Um dos aspectos centrais da regulamentação proposta é a formalização de critérios para a operação de imóveis destinados ao aluguel por temporada. Isso significa que proprietários que desejam ofertar suas propriedades para hóspedes em períodos curtos poderão precisar se cadastrar em sistemas de turismo oficiais, cumprir requisitos de segurança e higiene, além de observar normas relacionadas à convivência em condomínios e zonas residenciais. Embora os detalhes ainda estejam sendo definidos, a tendência é que o município utilize instrumentos já existentes, como cadastro municipal de turismo, para garantir que os imóveis operem dentro de parâmetros que não prejudiquem a ordem urbana ou a qualidade de vida dos moradores.

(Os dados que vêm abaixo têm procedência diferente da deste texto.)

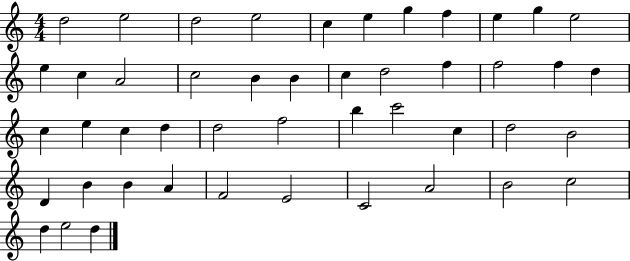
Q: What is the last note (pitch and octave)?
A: D5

A discussão em torno da eventual cobrança de taxas está no centro das debates entre proprietários, anfitriões e agentes públicos. Por um lado, há preocupação de que tributos ou encargos adicionais possam reduzir a competitividade de Guarujá frente a outros destinos turísticos do litoral paulista, além de encarecer ainda mais o preço final pago pelos hóspedes. Por outro lado, defensores da lei argumentam que uma base legal atualizada permite ao município planejar melhor o uso do território, intensificar a fiscalização e prevenir abusos, como a oferta irregular de imóveis ou a falta de cumprimento de normas de segurança. É importante frisar que qualquer cobrança dependerá de regulamentação clara e de mecanismos que evitem onerar duplamente os anfitriões, que já arcam com taxas de plataformas digitais e tributos tradicionais como IPTU e ISS.

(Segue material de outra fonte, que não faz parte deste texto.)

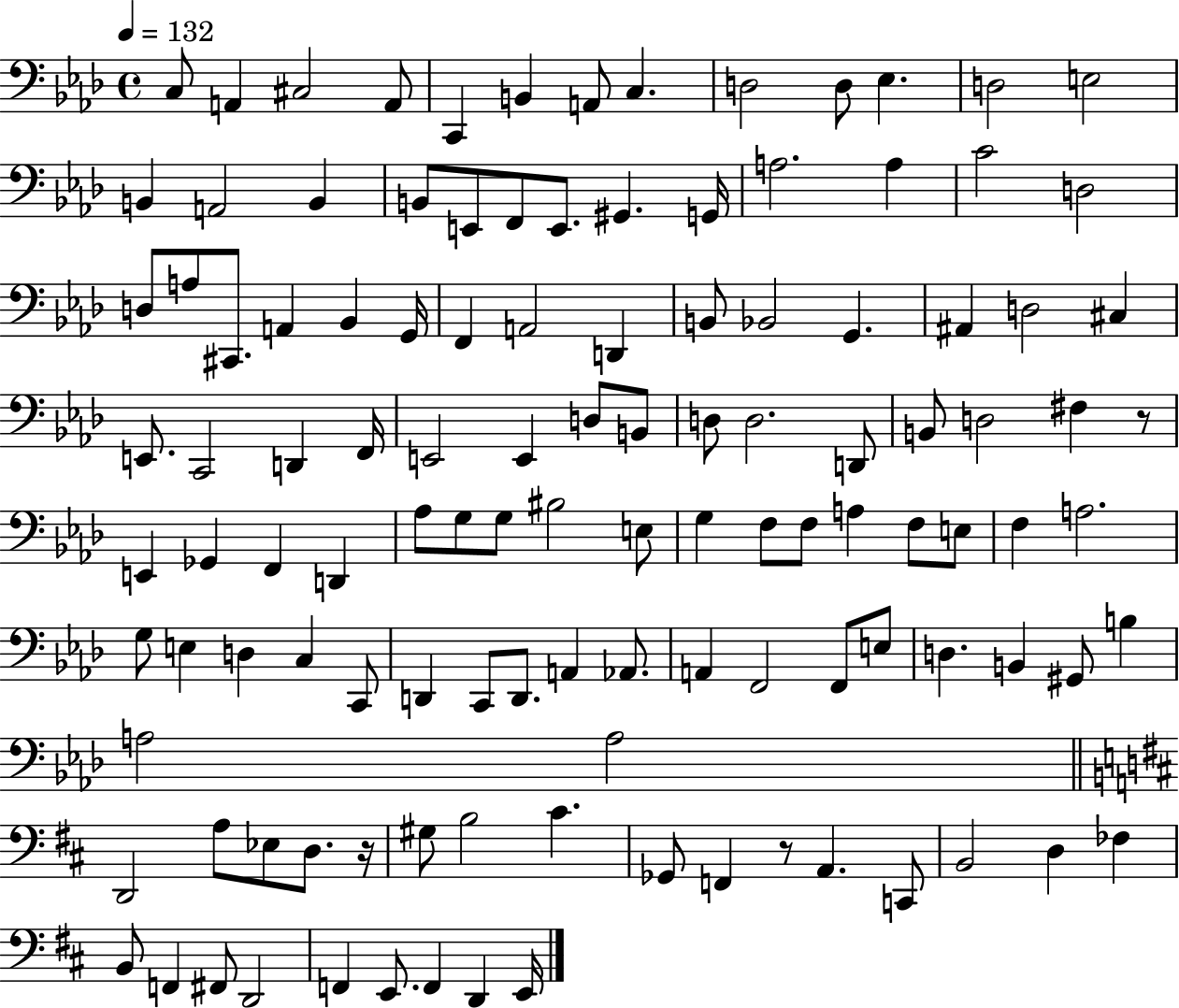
{
  \clef bass
  \time 4/4
  \defaultTimeSignature
  \key aes \major
  \tempo 4 = 132
  c8 a,4 cis2 a,8 | c,4 b,4 a,8 c4. | d2 d8 ees4. | d2 e2 | \break b,4 a,2 b,4 | b,8 e,8 f,8 e,8. gis,4. g,16 | a2. a4 | c'2 d2 | \break d8 a8 cis,8. a,4 bes,4 g,16 | f,4 a,2 d,4 | b,8 bes,2 g,4. | ais,4 d2 cis4 | \break e,8. c,2 d,4 f,16 | e,2 e,4 d8 b,8 | d8 d2. d,8 | b,8 d2 fis4 r8 | \break e,4 ges,4 f,4 d,4 | aes8 g8 g8 bis2 e8 | g4 f8 f8 a4 f8 e8 | f4 a2. | \break g8 e4 d4 c4 c,8 | d,4 c,8 d,8. a,4 aes,8. | a,4 f,2 f,8 e8 | d4. b,4 gis,8 b4 | \break a2 a2 | \bar "||" \break \key d \major d,2 a8 ees8 d8. r16 | gis8 b2 cis'4. | ges,8 f,4 r8 a,4. c,8 | b,2 d4 fes4 | \break b,8 f,4 fis,8 d,2 | f,4 e,8. f,4 d,4 e,16 | \bar "|."
}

Do ponto de vista econômico, a previsão é que a regulamentação — se implementada de forma equilibrada — possa trazer segurança jurídica ao mercado. Isso porque investidores, administradores de imóveis e plataformas digitais deverão operar sob um conjunto normativo mais transparente, reduzindo a incerteza sobre práticas aceitáveis e penalidades por descumprimento. Ao mesmo tempo, o potencial de Guarujá como destino turístico continua elevado, sustentado pelo grande número de imóveis disponíveis para temporada e pela atração de visitantes que buscam alternativas de hospedagem que ofereçam mais espaço, conforto e custo-benefício quando comparados ao setor hoteleiro tradicional.
No entanto, a experiência prática mostra que, até a regulamentação ser publicada, a atividade segue relativamente livre de novas exigências ou custos extras. Proprietários que já anunciam seus imóveis por meio de plataformas digitais podem continuar operando normalmente, respeitando as normas vigentes de locação e contribuição tributária, como a necessidade de recolher impostos incidentes sobre rendimentos de aluguel quando aplicável. À medida que a regulamentação avance, haverá necessidade de acompanhamento atento por parte dos anfitriões para se manterem em conformidade com eventuais novas obrigações legais.

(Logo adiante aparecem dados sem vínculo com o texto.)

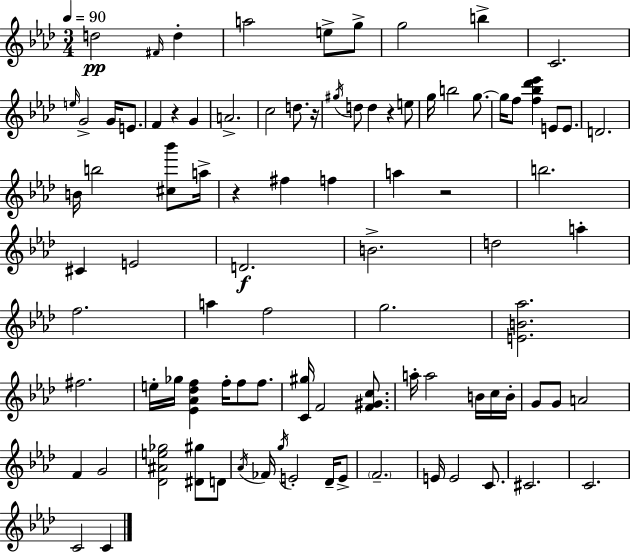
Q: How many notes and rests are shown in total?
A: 92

A lei do aluguel por temporada em Guarujá representa um movimento de modernização do arcabouço regulatório local, com o objetivo de equilibrar os interesses públicos e privados em um setor que ganhou enorme relevância nos últimos anos. A forma como essa regulamentação será estruturada e aplicada determinará, na prática, se o município conseguirá assegurar a vitalidade de seu mercado de locação por temporada sem prejudicar a demanda de turistas e a renda de proprietários. Enquanto a regulamentação não é concluída, a recomendação para anfitriões é acompanhar as discussões e preparar-se para adaptar seus imóveis às novas diretrizes que, consequentemente, deverão surgir.